Standard Error & Mean Variance

The standard error (also denoted "SE" or "std err") of the mean of each group is required to compute the confidence interval and p-value of a metric delta between those groups. You obtain the standard error of the mean by dividing the sample standard deviation of $X$ by the square root of the number of users in the group.

$$

\sigma_{\overline X} = \frac{\sigma_{X}}{\sqrt{N}} = \sqrt{\frac{var(X)}{N}} = \sqrt{var(\overline{X})} $$

Standard deviation is the square root of the variance. Because variances are easier to manipulate algebraically, Statsig derives the variance for each metric type and then takes the square root to obtain the confidence intervals.

Pulse displays the standard error of the mean of each group alongside the units and mean of each group.

Computing variance

The variance of the absolute metric delta is the sum of the variances of the test and control means:

$$

var(\Delta \overline X) =var(\overline X_t - \overline X_c) = var(\overline X_t) + var(\overline X_c) $$

The calculation reduces to correctly computing the variance of the means for each group.

Count and sum metrics

For count and sum metrics, Statsig derives the variance of the sample mean for a given group directly from the sample variance:

$$

var(\overline{X}) = \frac{var(X)}{N} = \frac{\frac{1}{N-1}\sum_{i=0}^{N}(X_i-\overline{X})^2}{N} $$

Where:

• $N$ is the number of users in the group
• $X_i$ is the metric value for user $i$
• $\overline{X}$ is the user-level average of $X$ for users in that group

Ratio and mean metrics

Ratio and mean metrics combine multiple variables $X$ and $Y$ rather than a single variable $X$. The variance of these metrics depends on both the numerator and denominator variables, which are typically correlated. The metric of interest $R$ has a group mean $\overline{R}$ and a group variance of the mean $var(\overline{R}$).
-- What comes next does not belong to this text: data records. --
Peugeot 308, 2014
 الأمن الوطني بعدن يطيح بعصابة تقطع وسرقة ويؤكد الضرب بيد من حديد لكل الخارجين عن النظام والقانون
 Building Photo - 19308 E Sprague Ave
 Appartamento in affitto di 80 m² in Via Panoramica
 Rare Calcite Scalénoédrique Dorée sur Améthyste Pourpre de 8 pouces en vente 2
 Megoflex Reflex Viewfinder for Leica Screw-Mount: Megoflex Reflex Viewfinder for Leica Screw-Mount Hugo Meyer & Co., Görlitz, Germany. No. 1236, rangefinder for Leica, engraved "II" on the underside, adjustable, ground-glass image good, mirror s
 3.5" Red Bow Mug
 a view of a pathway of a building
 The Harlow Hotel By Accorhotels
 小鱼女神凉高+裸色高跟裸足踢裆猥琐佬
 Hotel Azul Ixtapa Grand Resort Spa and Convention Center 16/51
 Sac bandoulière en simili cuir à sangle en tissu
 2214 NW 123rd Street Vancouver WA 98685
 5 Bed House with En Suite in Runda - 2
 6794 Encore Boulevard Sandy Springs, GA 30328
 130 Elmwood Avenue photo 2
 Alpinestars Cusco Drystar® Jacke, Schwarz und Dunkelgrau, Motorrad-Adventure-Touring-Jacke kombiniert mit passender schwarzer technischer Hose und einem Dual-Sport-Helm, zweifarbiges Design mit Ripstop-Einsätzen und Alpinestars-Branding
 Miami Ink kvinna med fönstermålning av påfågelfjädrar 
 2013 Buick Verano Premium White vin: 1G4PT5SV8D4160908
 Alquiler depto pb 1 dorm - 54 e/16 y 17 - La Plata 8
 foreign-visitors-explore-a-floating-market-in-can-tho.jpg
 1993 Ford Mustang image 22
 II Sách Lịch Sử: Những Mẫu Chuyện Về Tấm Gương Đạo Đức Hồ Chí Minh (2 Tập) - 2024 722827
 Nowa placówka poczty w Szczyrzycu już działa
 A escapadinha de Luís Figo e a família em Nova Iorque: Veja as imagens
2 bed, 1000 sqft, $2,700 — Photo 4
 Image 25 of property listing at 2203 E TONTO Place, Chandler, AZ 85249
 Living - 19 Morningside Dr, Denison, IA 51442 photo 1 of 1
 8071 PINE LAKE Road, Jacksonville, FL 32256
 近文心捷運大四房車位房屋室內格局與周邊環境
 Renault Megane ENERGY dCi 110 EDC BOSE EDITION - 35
For example, consider a clicks per session metric. The number of clicks and the number of sessions are two sets of observations from the same group of users, so they aren't independent of each other.

To account for this correlation, Statsig obtains the variance of the mean of a ratio metric $R$ using the delta method:

$$

var(\overline R) = var\left(\frac{\overline X}{\overline Y}\right) := \left(\frac{\overline X}{\overline Y}\right)^2 \cdot \left(\frac{var(\overline X)}{\overline X^2} + \frac{var(\overline Y)}{\overline Y^2} - 2 \cdot \frac{covar(\overline X, \overline Y)}{\overline X\cdot \overline Y} \right) $$

where Statsig computes the variance of the numerator and denominator means in the same way as for count metrics above, and the covariance is

$$

covar(\overline X, \overline Y) = \frac{covar(X, Y)}{N} = \frac{\frac{1}{N-1}\sum_{i=0}^{N}(X_i-\overline X)\cdot (Y_i-\overline Y)}{N} $$